A vida é simples, com infraestrutura mínima. A água vem de poços cavados pelos próprios moradores. A energia elétrica é precária: apenas sete relógios atendem todas as residências. A regularização do fornecimento é uma das reivindicações urgentes da comunidade.
A comunidade vigia e cuida
Os moradores não apenas habitam, mas cuidam ativamente da vila. Mantêm a trilha que liga o povoado à Praia de São Miguel, fiscalizam o manguezal, protegem a mata e orientam os visitantes. Nos fins de semana, o local chega a receber mais de 500 pessoas.

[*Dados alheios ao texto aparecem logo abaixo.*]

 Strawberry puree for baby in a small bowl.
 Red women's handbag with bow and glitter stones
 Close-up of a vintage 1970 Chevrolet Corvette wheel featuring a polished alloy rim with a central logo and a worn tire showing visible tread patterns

Maria da Conceição Neves, mais conhecida como Preta da Vila, vive ali há 38 anos. Ela preside a Associação de Moradores, criada em 2006 com apoio do Ministério Público. Preta também acompanha quem passa em direção à gruta existente aos pés do morro. O pequeno altar, construído há mais de quatro décadas, homenageia um menino de Blumenau que se afogou no local no fim da década de 1960. Lá, há uma foto do garoto e uma imagem de Nossa Senhora Aparecida, colocada depois pelos moradores.
Mesmo com tanto zelo pela natureza, os moradores enfrentam processos por suposta ocupação irregular. Um deles, julgado à revelia pelo Tribunal Regional Federal da 4ª Região (TRF4), resultou na perda do direito de moradia.
De acordo com Jeann Neves, filho de Preta, o processo alegava que a vila era ocupada apenas por ranchos de pesca, sem habitação. “Essa informação só foi corrigida agora, num recurso ao Superior Tribunal de Justiça”, explica. A sentença determinava que a prefeitura construísse um galpão para equipamentos e demolisse todas as casas.
A comunidade contratou um novo advogado e aguarda decisão do STJ. Preta destaca que a legislação ambiental mudou em 2009, garantindo o direito de permanência às famílias que já viviam em áreas de preservação antes dessa data. E é com essa esperança que a vila resiste.